5. Faites entrer les accusés !

Plan du chapitre

La délinquance à laquelle se consacre la justice criminelle parisienne provisoire présente une parfaite continuité avec celle de l’Ancien Régime : la sociologie des accusés est strictement identique. À la suite de la suppression des juridictions et du vaste mouvement migratoire que cela a entraîné, il y a certes un peu plus de gratte-papiers, de saute-ruisseaux ou de domestiques qui ont perdu leur place. La délinquance profite sans doute des carences policières et des désordres ; de fait, toutes les infractions ne sont pas portées devant les tribunaux criminels. Cependant, auteurs, actes et victimes restent les mêmes. Cette délinquance concerne indifféremment hommes et femmes, avec néanmoins une répartition sexuée des offenses. Si les premiers sont plus nombreux et instiguent l’offense principale, les secondes servent souvent d’auxiliaires : complices ou receleuses. Les prévenus appartiennent à ce que l’on appelle le petit peuple : métiers urbains et classes modestes. Peu sont des marginaux, habitués de la rue. Eux commettent le plus souvent des infractions mineures, sans circonstances aggravantes, relevant de la police municipale ou de la justice correctionnelle. Majoritairement, les délinquants opèrent seuls, sans préméditation relevée, quand l’occasion se présente – délit d’opportunité –, ou en petits groupes. Souvent, lorsque l’objet du larcin est de valeur, le voleur implique d’autres complices : receleurs, revendeurs. Les faussaires, quant à eux, mettent en place tout un réseau y compris dans les prisons ! Seul le Vol du Garde-Meuble en 1792, spectaculaire à tous points de vue, rassemble une quarantaine de comparses ; il reste une exception à la délinquance habituellement observée et jugée.

Au voleur !

Ce livre de police, paraphé par le commissaire du quartier, appartient à Simon Couder, fripier rue de la Juiverie. Il y inscrit les effets, hardes, chiffons et autres marchandises qu’il achète auprès des particuliers. Les inscriptions, faites par ordre chronologique, donnent la date de chaque achat, la description précise des objets, les noms et adresses des vendeurs et acheteurs, ainsi que le montant des prix d’achat et de vente convenus. Les dossiers de procédure regorgent de cas de marchands fripiers arrêtés en flagrant délit de vols d’effets et, le plus souvent, condamnés à de courtes peines de fers.

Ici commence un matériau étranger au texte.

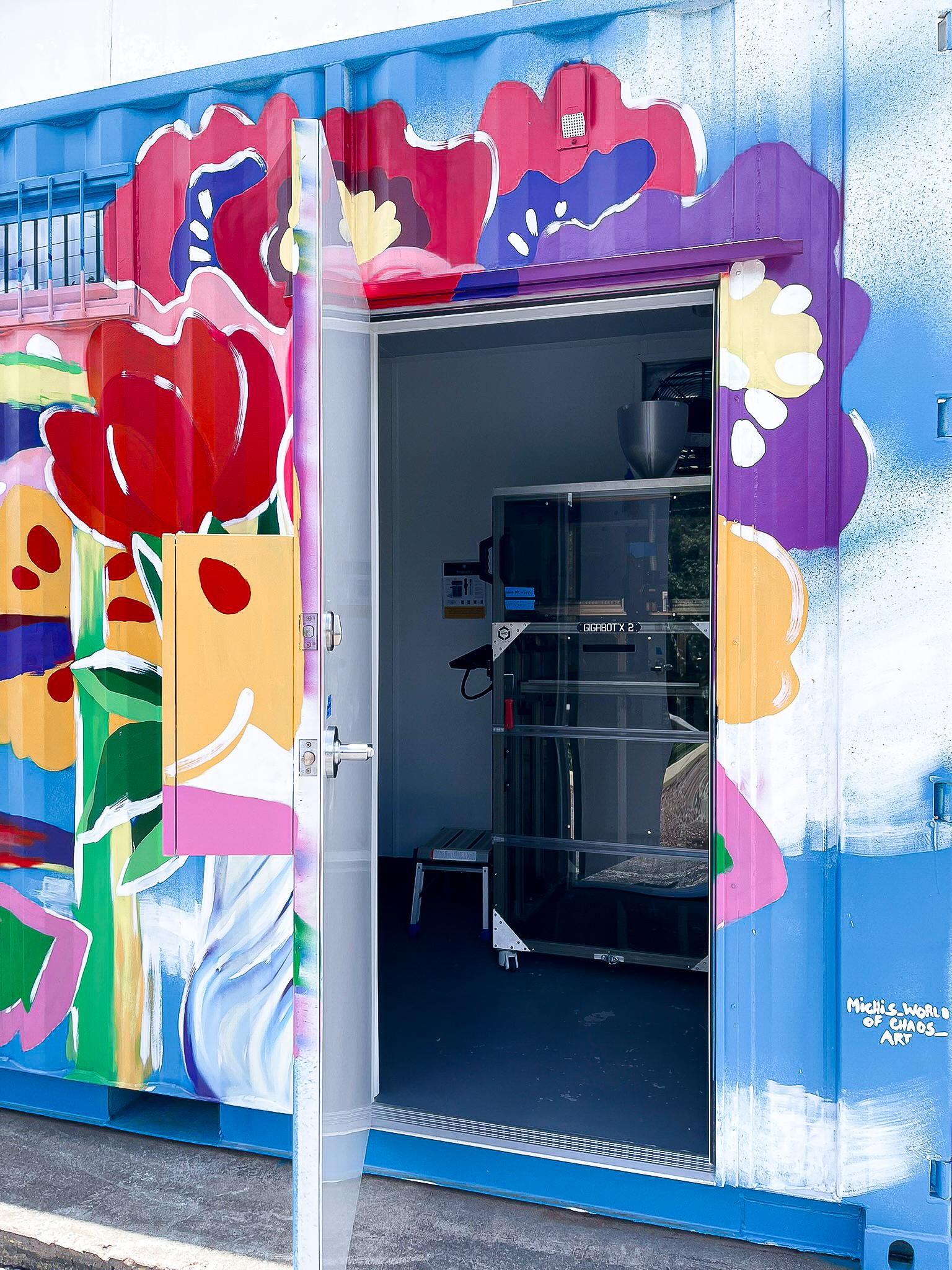 A floral mural on a shipping container.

Interrogé sur les raisons du vol d’un panier de poires d’une valeur de six livres, Jacques Chambert, journalier, répond « … quand un homme est sans ouvrage il fait ce qu’il peut pour gagner sa vie… ». Faute de chiffres précis, nous ignorons le nombre d’indigents, de gagne-deniers et de journaliers présents dans la capitale. Arrivés depuis peu à Paris, ces provinciaux, pour la plupart, s’approprient tant bien que mal l’espace transformé et hétérogène d’une ville de Paris post-Révolution ; ils sont alors contraints à de menus larcins pour survivre. Après cinq mois en détention, Jacques Chambert est jugé puis acquitté le 19 avril 1791 par le 1er tribunal criminel provisoire.

Pièces à conviction

À côté des dossiers de procédure, quelques objets anonymes saisis sont conservés. Ces objets, déposés au greffe des tribunaux, loin de n’être que de simples pièces à conviction, permettent, par leur intérêt plastique (dessin aquarellé), ou leur valeur utilitaire (étui à lunettes, nécessaire à couture), de situer les différentes activités individuelles ou collectives de cette époque (livre de comptes de dépenses par exemple). Ils ont servi à la preuve d’un crime ou d’un délit mais, faute d’une identification précise, n’ont pas pu être rattachés aux affaires instruites. Ils demeurent cependant de solides indicateurs d’une vie quotidienne où s’imbriquent l’affectif et le social.

Les pièces suivantes dans le sens de l’exposition, et ici rassemblées, donnent à la vie quotidienne parisienne une connotation cultuelle, politique ou culturelle. On y trouve un chapelet et un livre d’oraison de très petit format, qui se placent naturellement au fond d’une poche, et témoignent d’une dévotion aussi simple que profonde dans une société majoritairement catholique. Calendriers et livres de prières en hébreu et judéo-allemand laissent entrevoir dans la capitale une petite communauté juive. Un ouvrage de spiritualité en allemand gothique ou grammaire, et vocabulaire anglais, révèlent, eux, un aspect cosmopolite.

L’objet présenté à gauche, une cocarde tricolore accompagnée d’une chanson légère, fait partie du registre populaire.